**Instructions for the task**: With the pictures omitted, set down exactly the lines from the one that contains "مع طاوله زان" through the last line of the data.

**Collected material**:
----------------------------------------
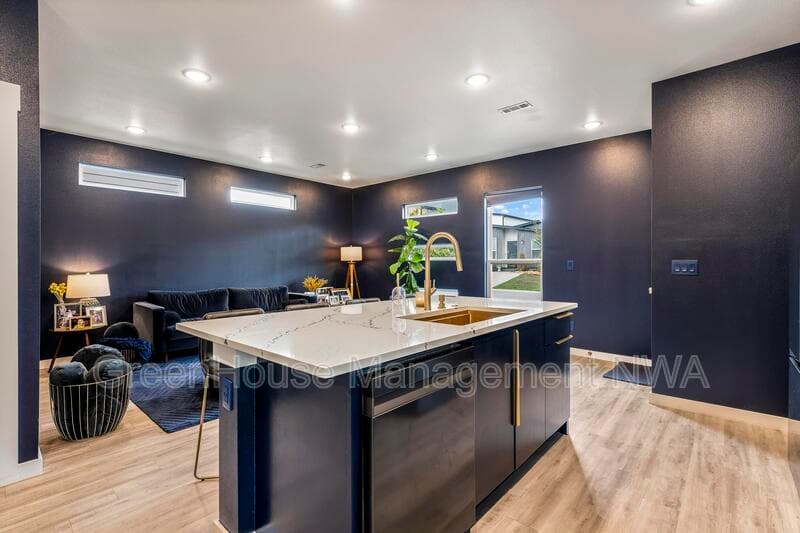 Bentonville House: 1041 Ventnor Ave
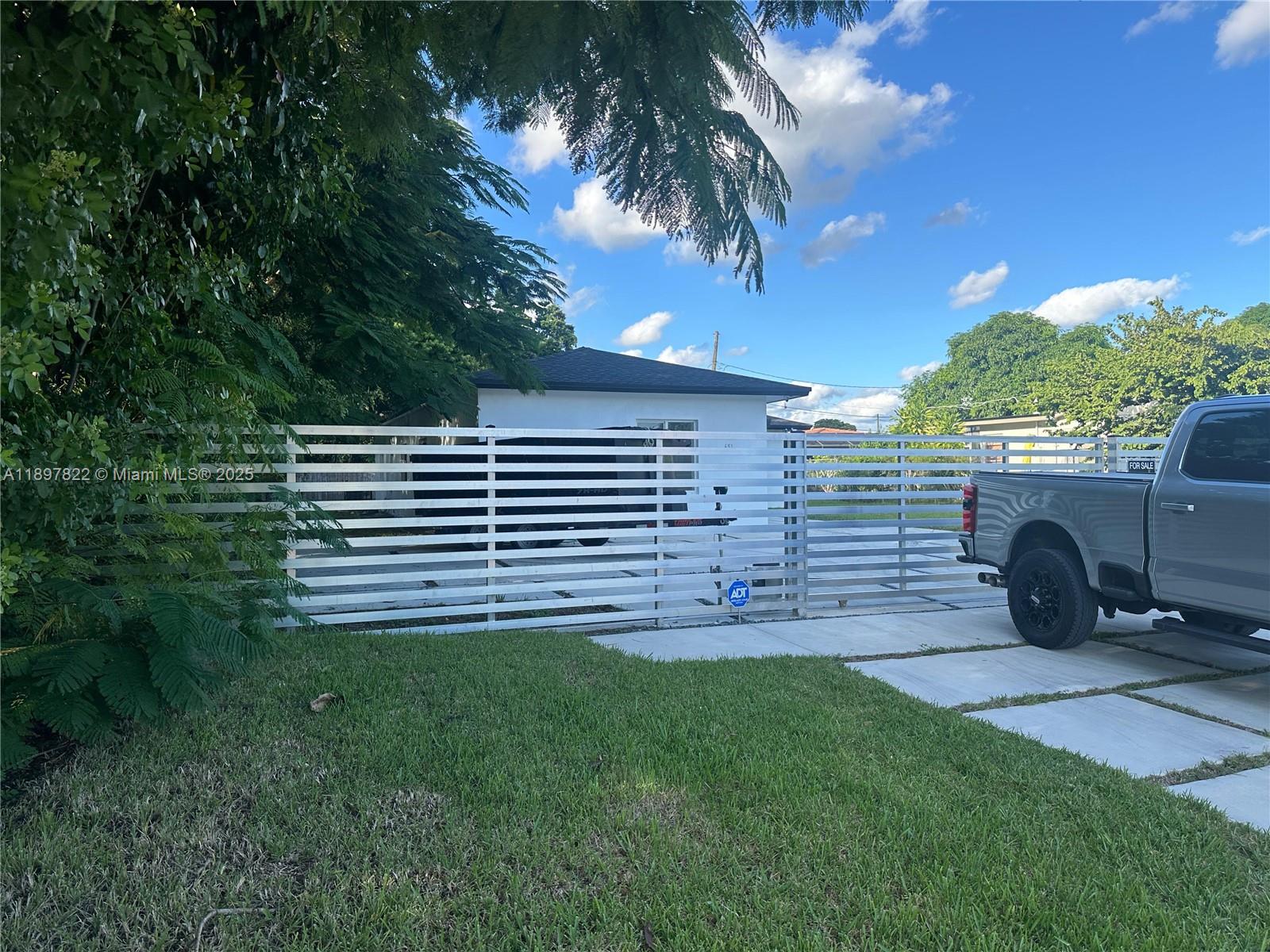 651 NE 172nd St, Miami, FL, 33162/$1,599,000 1 651 NE 172nd St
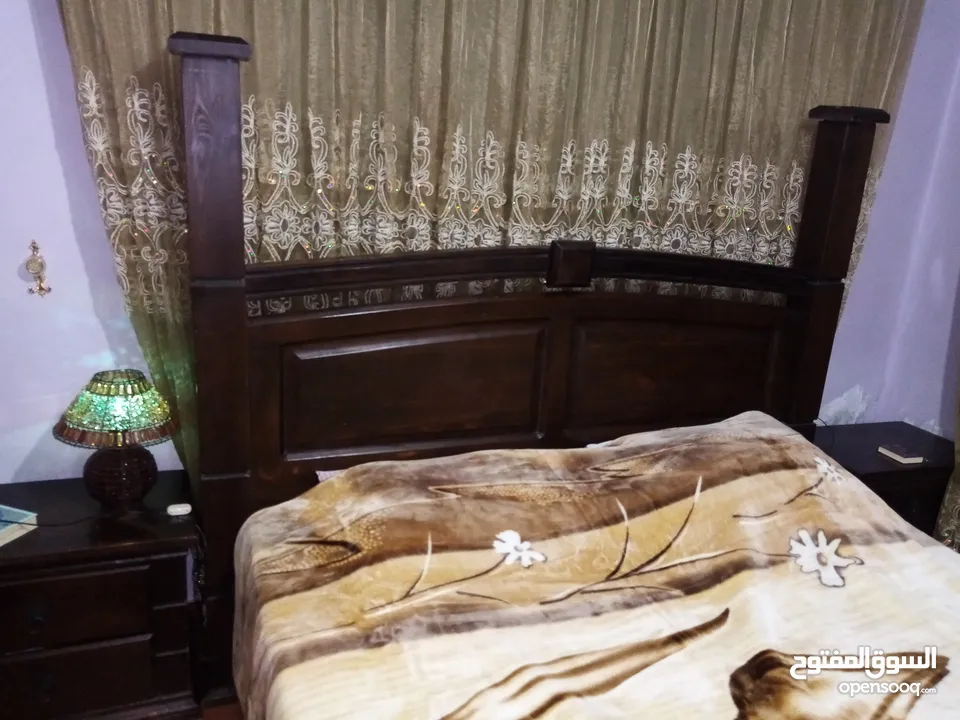 ..تخت مع فرشه ..كراسي بار زان..6 كراسي زان مع طاوله زان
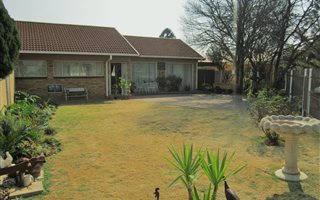 5 Bedroom House in Elandia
----------------------------------------
**Answer**:
 ..تخت مع فرشه ..كراسي بار زان..6 كراسي زان مع طاوله زان
 5 Bedroom House in Elandia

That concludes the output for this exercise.